Their secret? Equipment equity loans.
"We pulled $50,000 out of our four-year-old crane," said Ross Rogers,
president of Gene Rogers Construction Co., Inc., Dalton, Ga.
Rogers used a crane equity loan from Heartland Wisconsin Corp. to
purchase a Dresser TD20 bulldozer.
While Rogers' business is experiencing a slowdown of only about
10%, Rogers avoided the long, difficult process of going to a local bank
for a traditional equipment loan. Rogers, head of the 60-employee
design builder, thought it best to leverage the equity in his four-year-old
24.5-ton boom truck to make his dozer purchase.
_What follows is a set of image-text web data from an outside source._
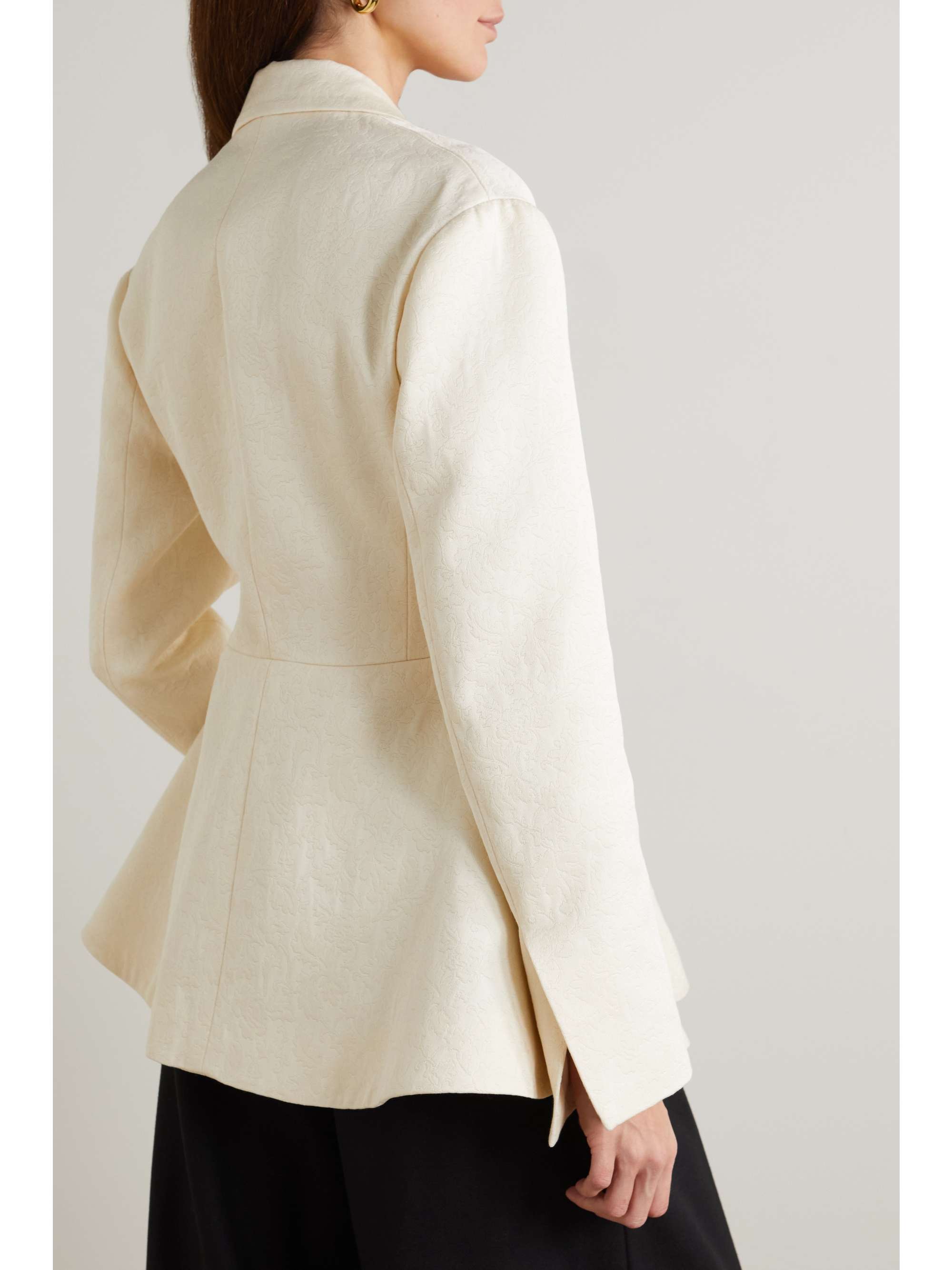 PROENZA SCHOULER Cotton and wool-blend jacquard peplum blazer
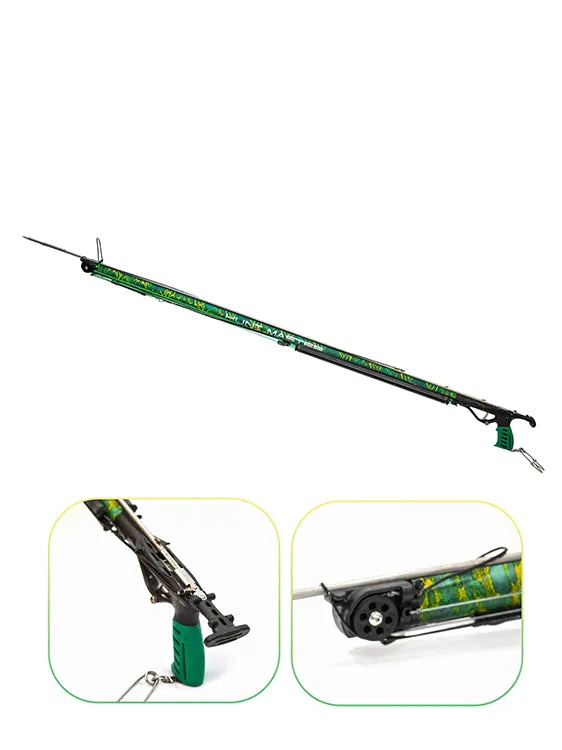 Huntmaster Wigun Aluminium Invert Roller Speargun Camo Series Green Camo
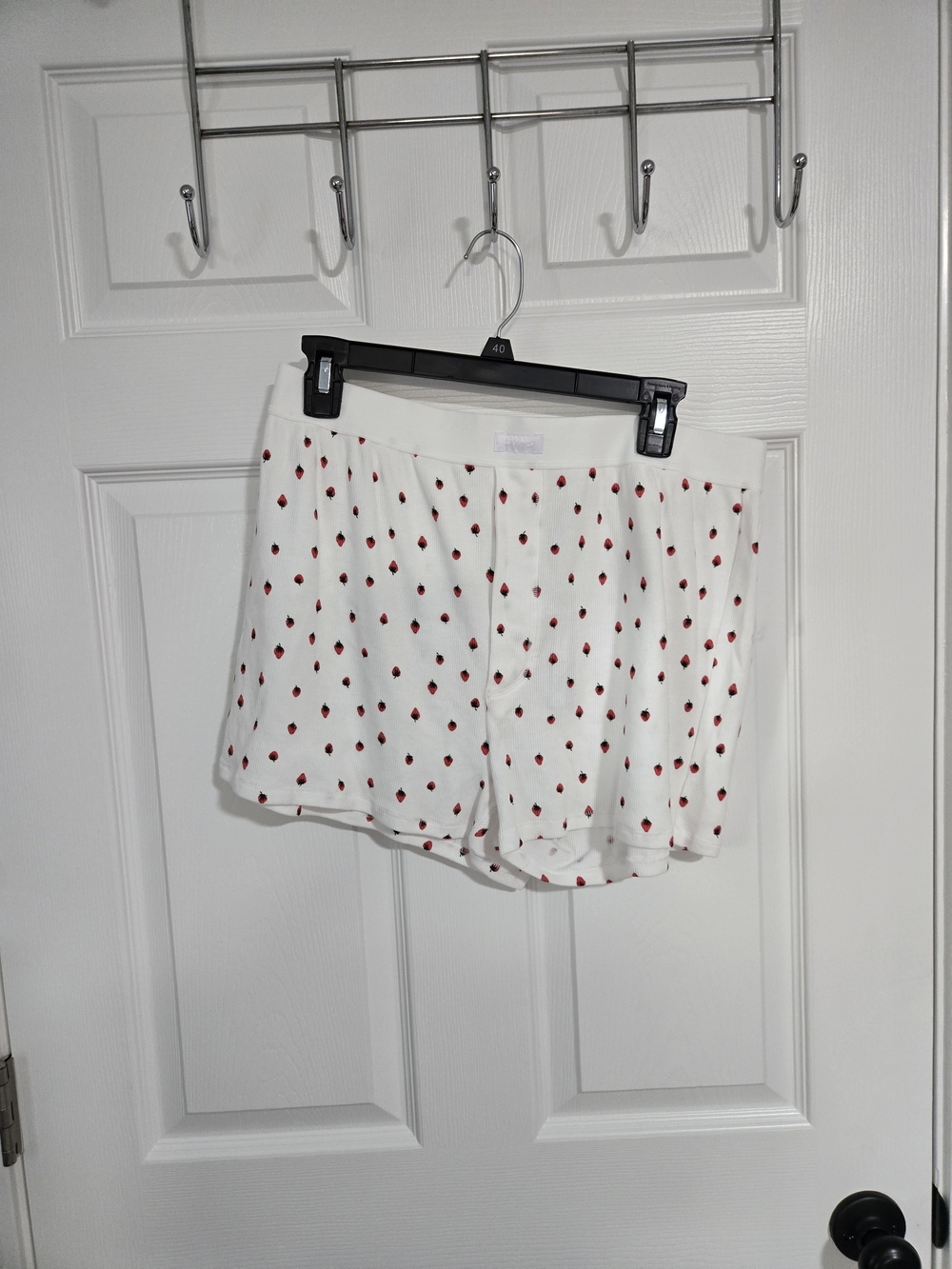 Skims Loose Fit Boxer Strawberry Print Large New With Tag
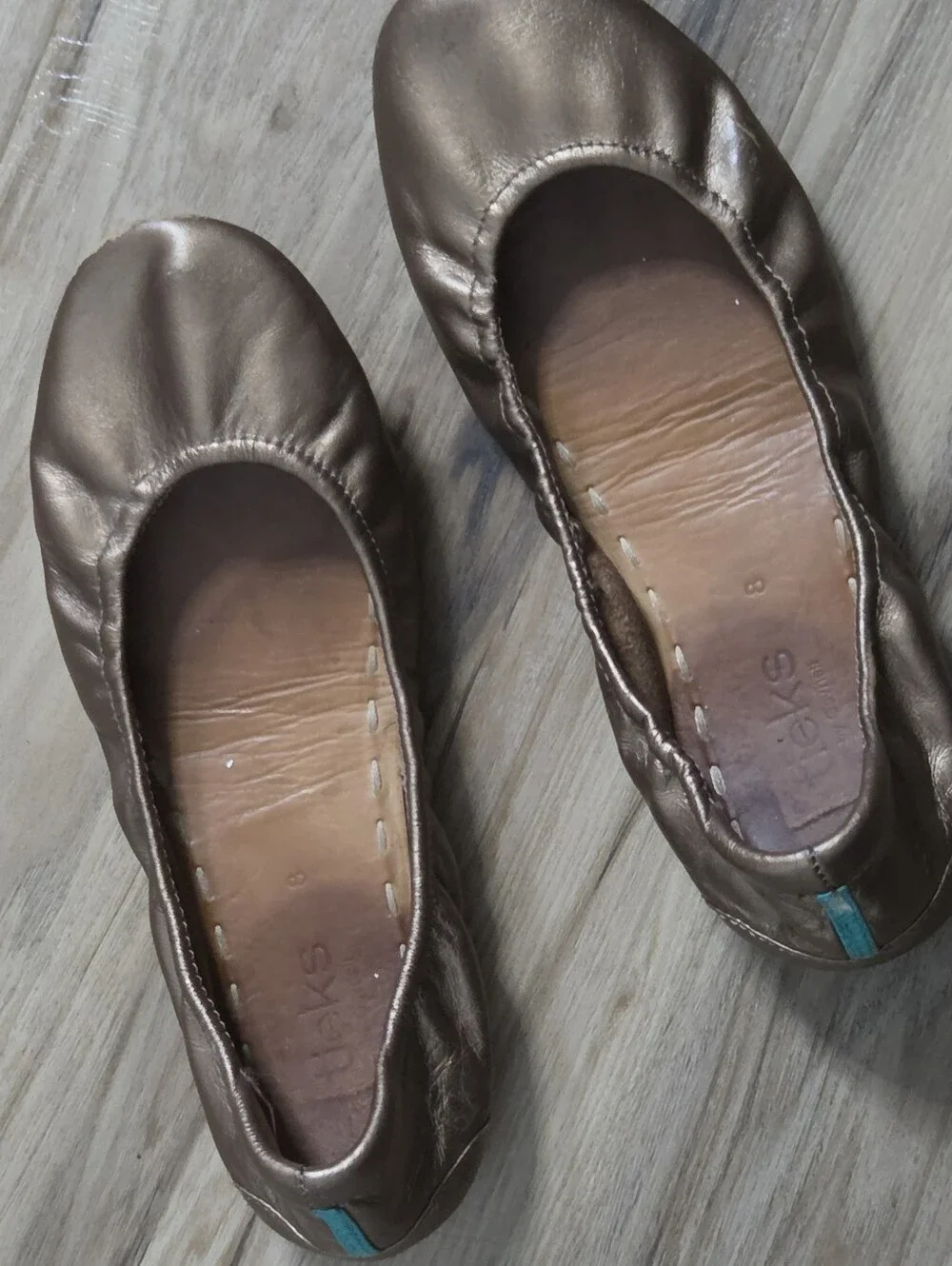 Tieks Metallic Bronze Ballet Flats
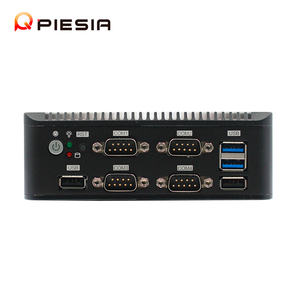Mini PC sans ventilateur en gros, 2 LAN, 6 COM, <span class=keywords><strong>Celeron</strong></span> <span class=keywords><strong>J4125</strong></span> Quad Core, 1*DDR4 8 Go de RAM, VGA HD2.0, kiosque, ordinateur de bureau, client léger, routeur, mini PC - Product Image 3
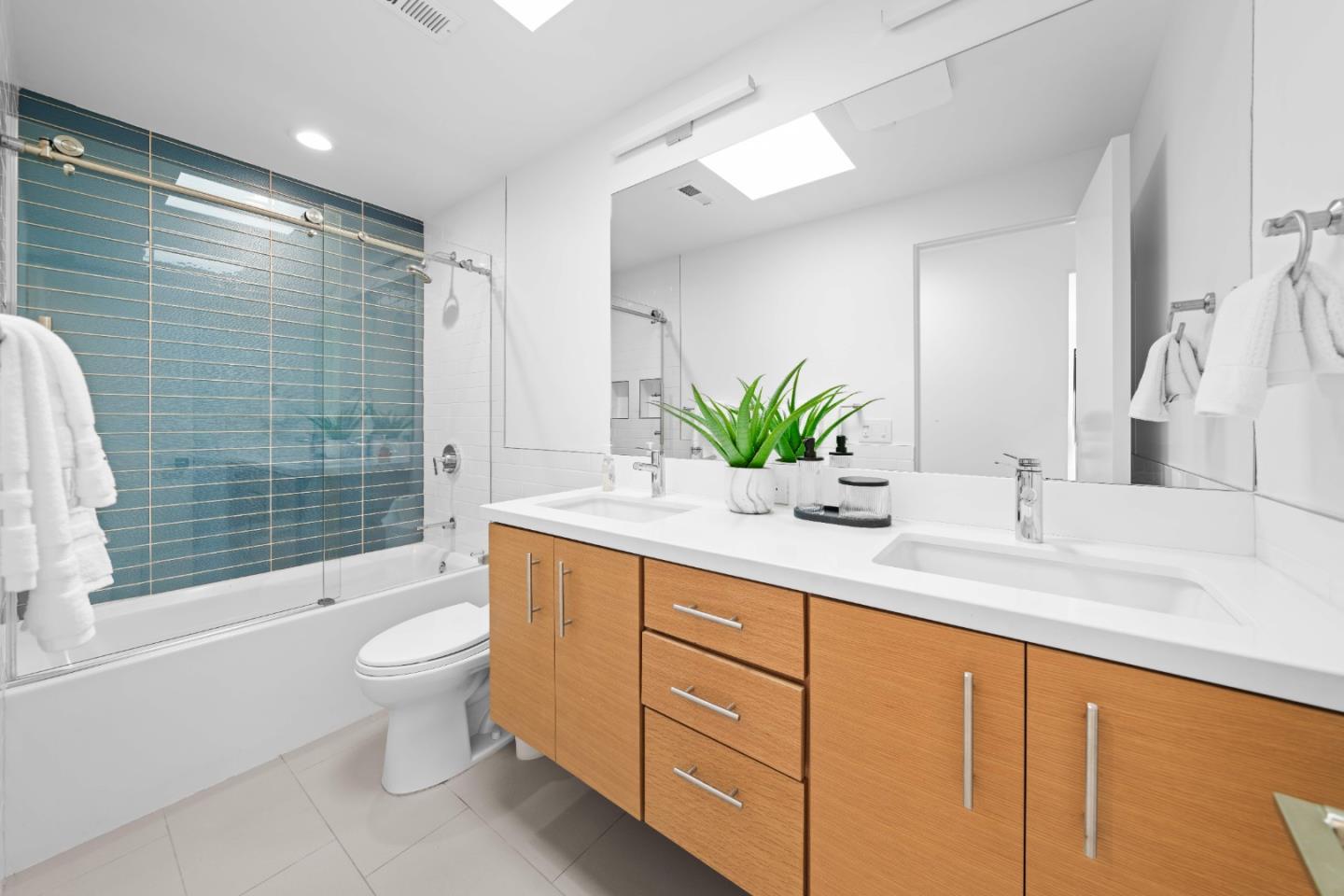 359 Stowell Avenue Sunnyvale, CA 94085 - Photo 33 of 53 a bathroom with a granite countertop sink toilet and shower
"Some of the local banks might finance this purchase – but then you
get into personal guarantees and a lot more paperwork," Rogers said.
"The approval process is longer."
"We are able to help guys like Ross where their local banks can't or
won't," Scott Blair, president of Milwaukee,
Wis.-based Heartland Wisconsin, said. "Some of
our customers call us when they have cash flow
issues. These guys are just floored that when
their balance sheet shows they are losing money
hand over fist, someone is still going to FedEx
them up to $150,000 with just a simple form and
a phone call. I mean – all we care about is the
equipment as an asset. I don't want to see your
bank statements or your tax return. And we
won't require you to give us all your business."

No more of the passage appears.